Numbers 303. Report of Captain W. T. Blakemore, Aide-de-Camp, C. S. Army, of operations June 16.1

AT MR. ANDERSON’S, Richmond, June 27, 1864.

MY DEAR GENERAL: Your telegram of yesterday evening asking for a full report in regard to placing two regiments on the 16th instant is at hand. I will give you every circumstance attending their movement so far as I know, but fear it will not be to you as satisfactory as you could wish. You remember sending me (while with you in the outer fortification) to stop the firing of a battery that was throwing shells in our midst. On my way back I saw General Beauregard, and informed him of our position and the want of support on our right, and asked him if he could not spare as much as regiments to post in the strip of woods to our rear, fronting west and perpendicular to our lines. He immediately ordered them from General Colquitt. The regiments were ready instantly. My horse being swamped, and the one General B[eauregard] sent for me not having arrived, the two regiments moved off in the direction I had indicated under the immediate guidance of Lieutenant Witherspoon, of Seventeenth and Twenty-third [Tennessee], who posted them in the strip of woods in rear of the houses.
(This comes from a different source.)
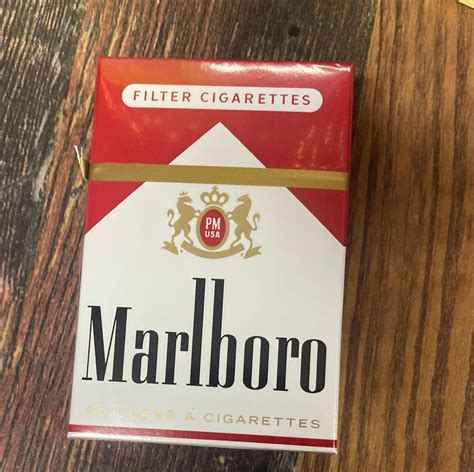 Marlboro Reds Shorts Lake Fork Resort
I am not informed my whom they were commanded or the part taken by them after being placed in position. They must have been under the immediate supervision of General Beauregard. Subsequently I saw General Hagood and asked him to throw his right parallel with the turnpike to resist the movement of the enemy on our flank. I think he placed it behind the houses, but it was not engaged, the enemy having retired before it got into position. I wish I could see you and give you a more full and lucid idea of what I saw and did. I am satisfied your command was never in so critical a position as it was shortly after it occupied the outer line of works, which we would certainly have abandoned but for your characteristic tenacity to hold what you get. You are not probably aware that at this juncture some 200 of your men on the right gave way and retired on the pike to a point beyond the strip of woods, where I afterward found them and brought them back to the command. They were mainly from the Forty fourth and Sixty-third [Tennessee]. Lieutenant Witherspoon may be able to give you further details. I regret I cannot give them more fully.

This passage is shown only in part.